[Information given]:
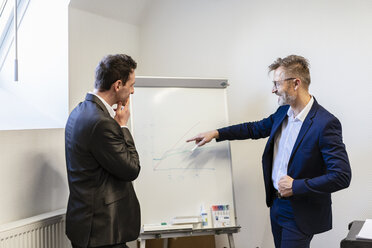 Two businessmen in office discussing at flip chart - DIGF06381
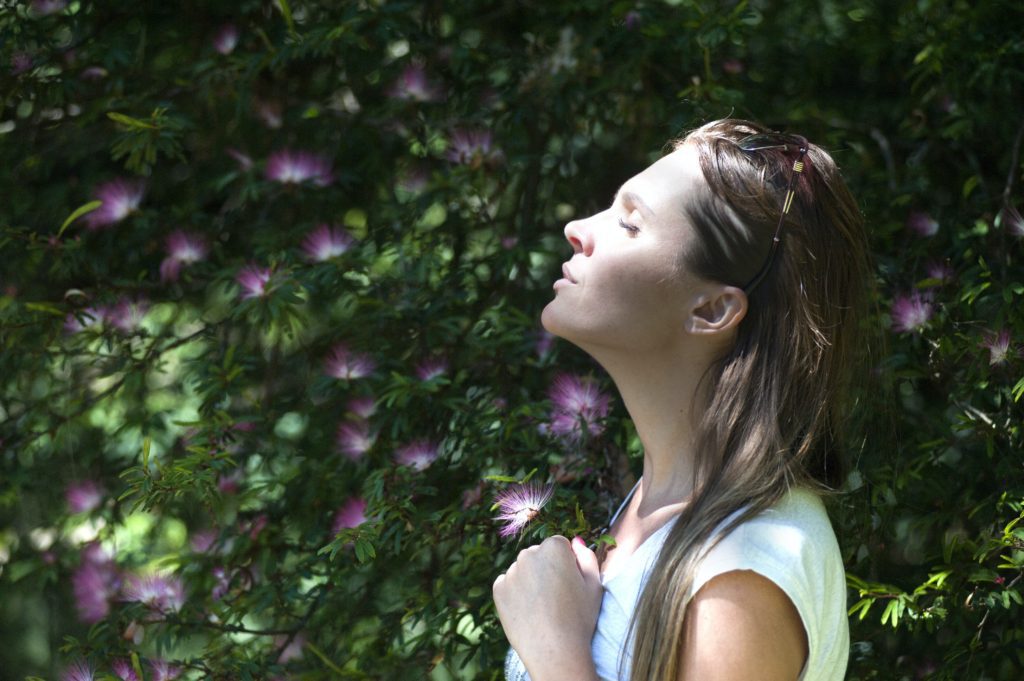 Woman deep breathing outside in a green space. Healing through therapy.
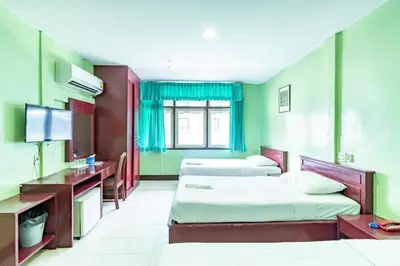 a hotel room with two beds and a television at Woodlands Inn in Bangkok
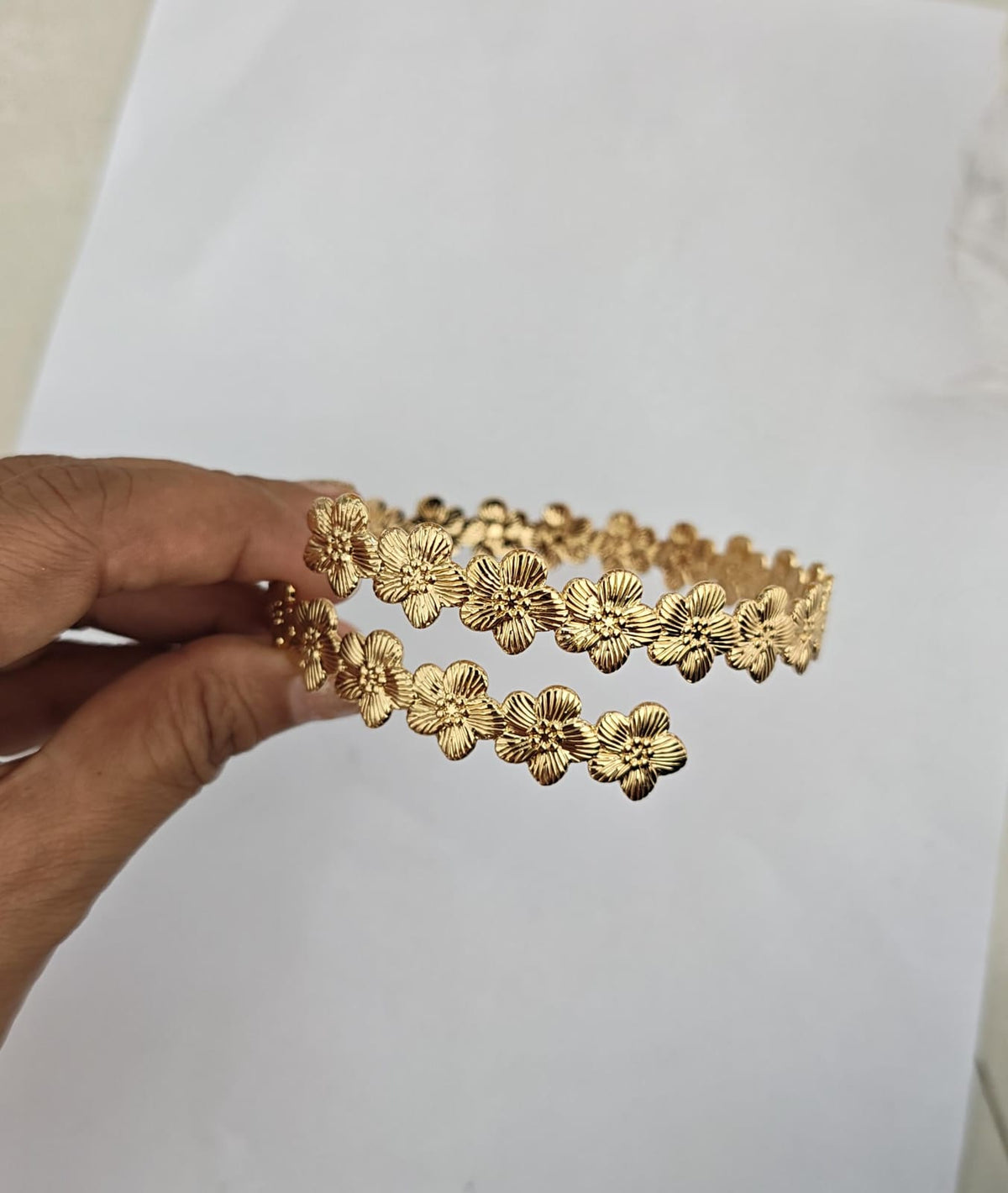 gold-plated, open-cuff bracelet textured floral motifs.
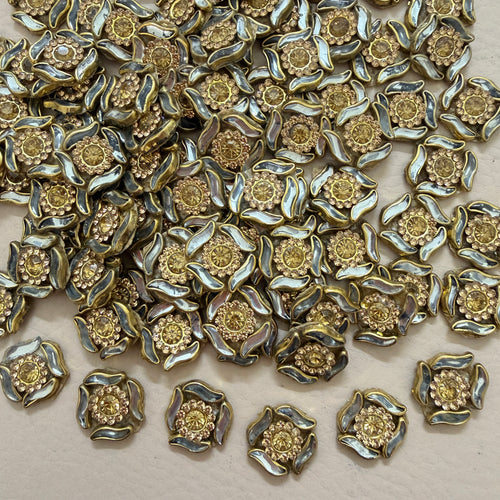 Antique gold rhinestone flower motif patch held in hand showing size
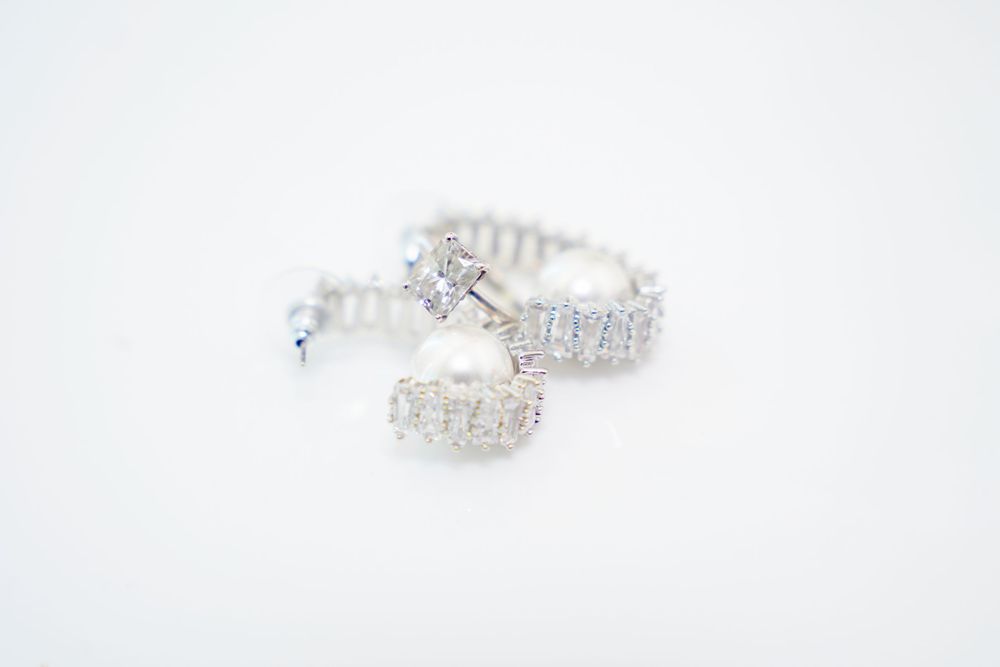 Elegant crystal and silver plated drop earrings sparkle with brilliant clarity against a white background.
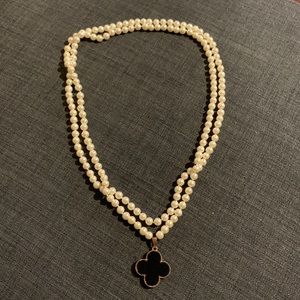 Faux Pearl necklace with clover leaf charm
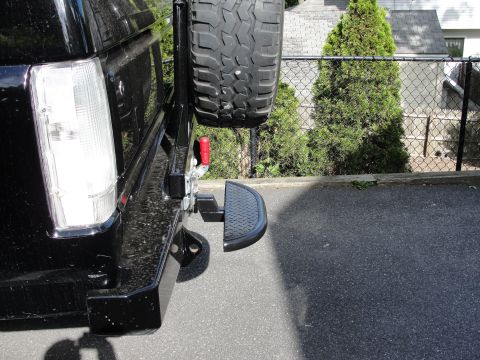 1995 Ford Bronco - Rear view of a black 1995 Ford Bronco, showing the bumper, spare tire mount, and a step.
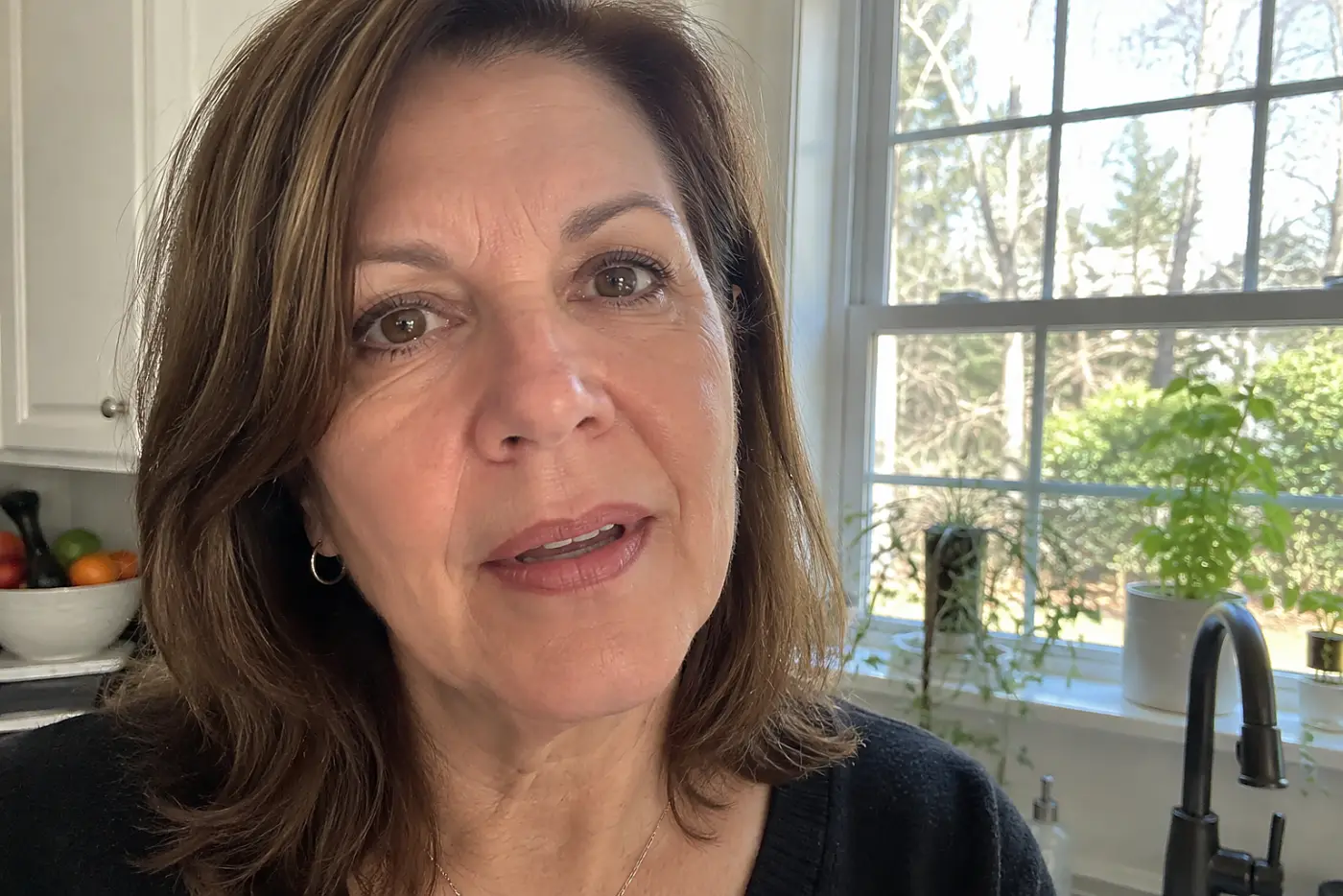 A dark lip pencil border around faded lipstick is centered on a woman in her fifties after lunch at home, with no writing visible.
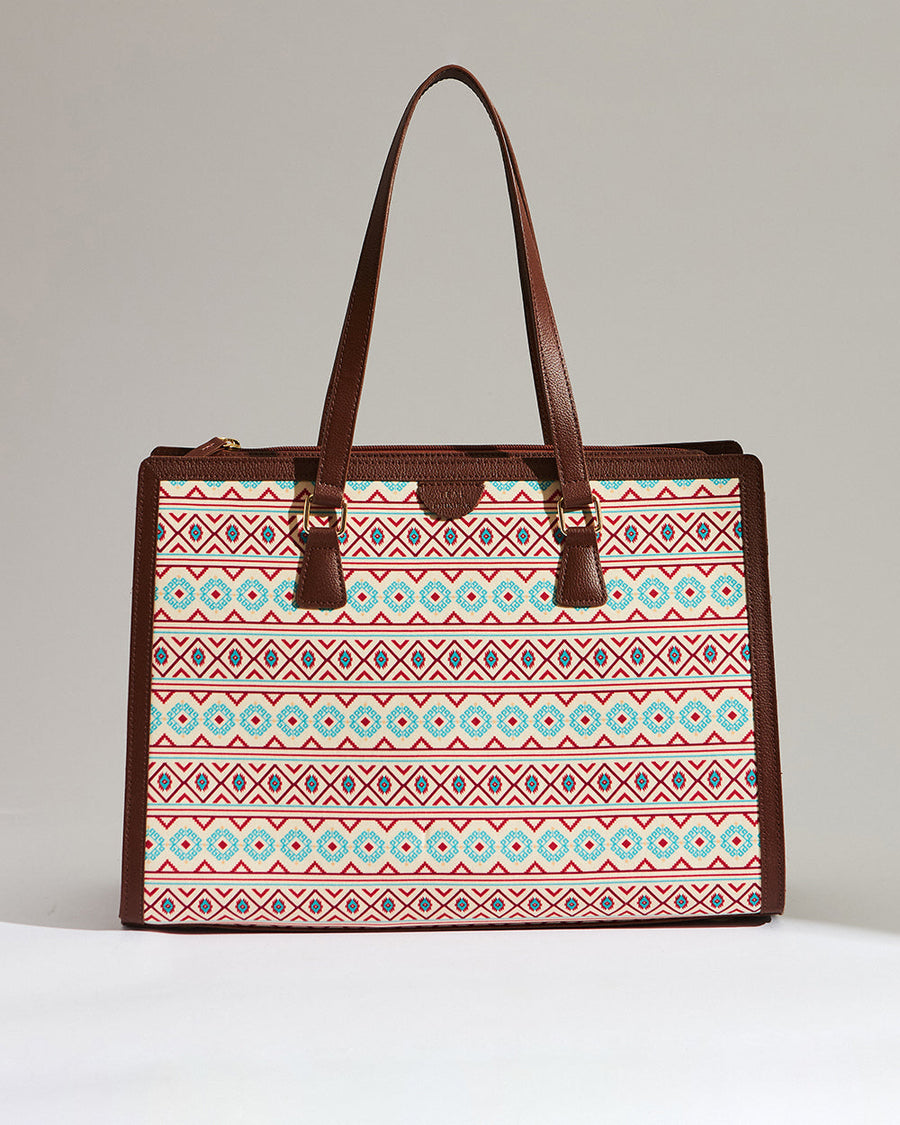 Front view of Aztec patterned office tote with brown vegan leather handles and trim against a plain backdrop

[Activity]:
I'd like every record printed exactly, with the pictures left out.

[Output]:
 Two businessmen in office discussing at flip chart - DIGF06381
 Woman deep breathing outside in a green space. Healing through therapy.
 a hotel room with two beds and a television at Woodlands Inn in Bangkok
 gold-plated, open-cuff bracelet textured floral motifs.
 Antique gold rhinestone flower motif patch held in hand showing size
 Elegant crystal and silver plated drop earrings sparkle with brilliant clarity against a white background.
 Faux Pearl necklace with clover leaf charm
 1995 Ford Bronco - Rear view of a black 1995 Ford Bronco, showing the bumper, spare tire mount, and a step.
 A dark lip pencil border around faded lipstick is centered on a woman in her fifties after lunch at home, with no writing visible.
 Front view of Aztec patterned office tote with brown vegan leather handles and trim against a plain backdrop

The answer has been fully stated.